The central bank in Prague cut the benchmark interest rate to a record-low 0.5 percent in June saying the government’s plan to introduce more measures aimed at cutting the budget deficit, including tax increases, would further depress consumer demand and tame inflationary pressures.


Czech banks: a beacon of stability

The average Czech’s financial conservatism is legendary – and Tuesday’s first-half results from Erste Group Bank perfectly illustrate this. The Austrian bank, which together with Raiffeisen Bank International and UniCredit Group, make up the triumvirate of emerging Europe’s largest lenders, reported first-half operating profit down 11 per cent to €1.75bn as the bank was unable to cut costs at a fast enough rate to make up for the 6.7 per cent decline in revenue. Reflecting the deteriorating operating conditions in Europe as the crisis there shows little sign of abating, Erste cut its 2012 operating profit outlook for the second time in three months, saying: “the full-year operating result is expected to stay somewhat behind 2011.”

Within Erste’s results, though, its Czech subsidiary Ceska Sporitelna reported net profit up 14 per cent in the first half to CZK8.22bn (€324m), helped by bad loan provisions falling by 38 per cent as the amount of bad loans declined to CZK2.25bn in the first half of the year from CZK3.64bn a year ago. Ceska Sporitelna is more efficiently run and profitable than the group as whole. The Czech bank’s cost/income ratio is around 40 per cent, compared with the group’s cost/income ratio of 51.9 per cent at the end of the first half. Overall, Erste’s non-performing loan (NPL) ratio increased to 9.2 per cent as of June 30, compared with 8.5 per cent at year-end 2011. That’s still low by regional standards – at the end of the first quarter, for example, Romania’s average NPL ratio was 16.3 per cent and in Serbia was 20.4 per cent. However, the banking sector of the Czech Republic as a whole reported an NPL ratio of just 5.9 per cent at the end of May, according to central bank data.

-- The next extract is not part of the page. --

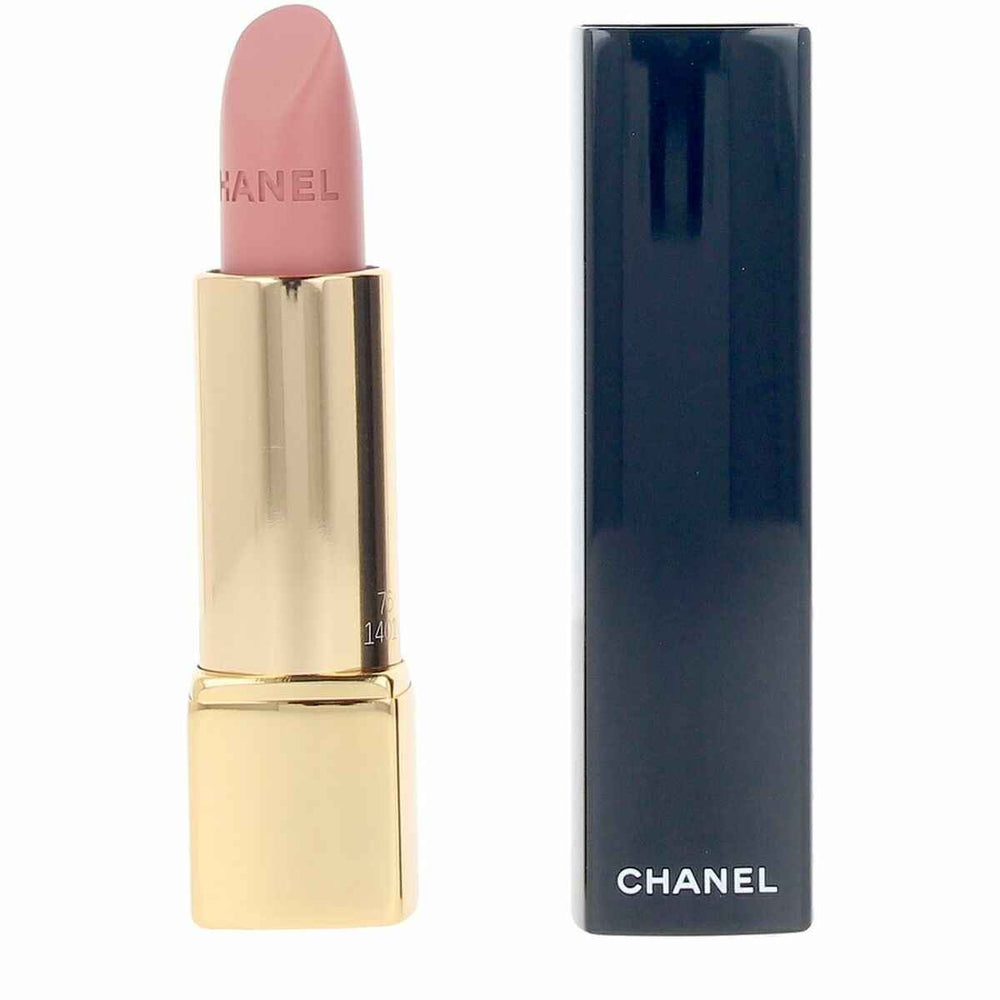Chanel Rouge Allure Velvet 76-Versatile Unisex, 3,6 g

The conservatism of Czech borrowers can be seen in the foreign-currency loan exposure, which is a mere 14.8 per cent of total loans. The Polish, on the other hand, had a love affair with forex loans – largely those denominated in Swiss francs – because Swiss interest rates were much lower than those set by Poland’s National Bank. Although new forex loans in Poland are now rare, they still make up almost 60 per cent of outstanding mortgages. Likewise, Czech banks made few forays into the kind of investments that so hurt banks elsewhere in Europe. “People ask me the difference between Czech banks and German banks – German banks invested everywhere, Czech banks only locally,” says one regional fund manager.

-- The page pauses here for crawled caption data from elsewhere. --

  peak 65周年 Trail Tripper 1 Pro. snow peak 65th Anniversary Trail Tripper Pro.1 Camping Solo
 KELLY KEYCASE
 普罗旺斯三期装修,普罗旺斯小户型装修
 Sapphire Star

He points out the general surprise among analysts when Komercni Banka, the third largest Czech bank by assets and the only publicly listed one, revealed that its dabbling in Greek bonds had forced it to take charges worth CZK5.36bn last year on its Greek bond holdings, writing them down to a quarter of their value. David Nangle of Renaissance Capital reckons Komercni Banka’s sale of its total portfolio of Portuguese and Greek government bonds during the second quarter has translated into a roughly CZK300m-400m trading loss. The bank is due to release its first-half results on Wednesday, August 1. Miroslav Singer, the governor of the Czech National Bank (CNB), told Business New Europe earlier this year that the Czech Republic is rather exceptional within Europe for having a sound, very liquid and profitable banking system. He puts this down to the traditional conservative approach to banking that Czech bankers have pursued – taking in deposits, using that money to lend wisely to businesses and households – the kind of banking “which everyone would now like to do.”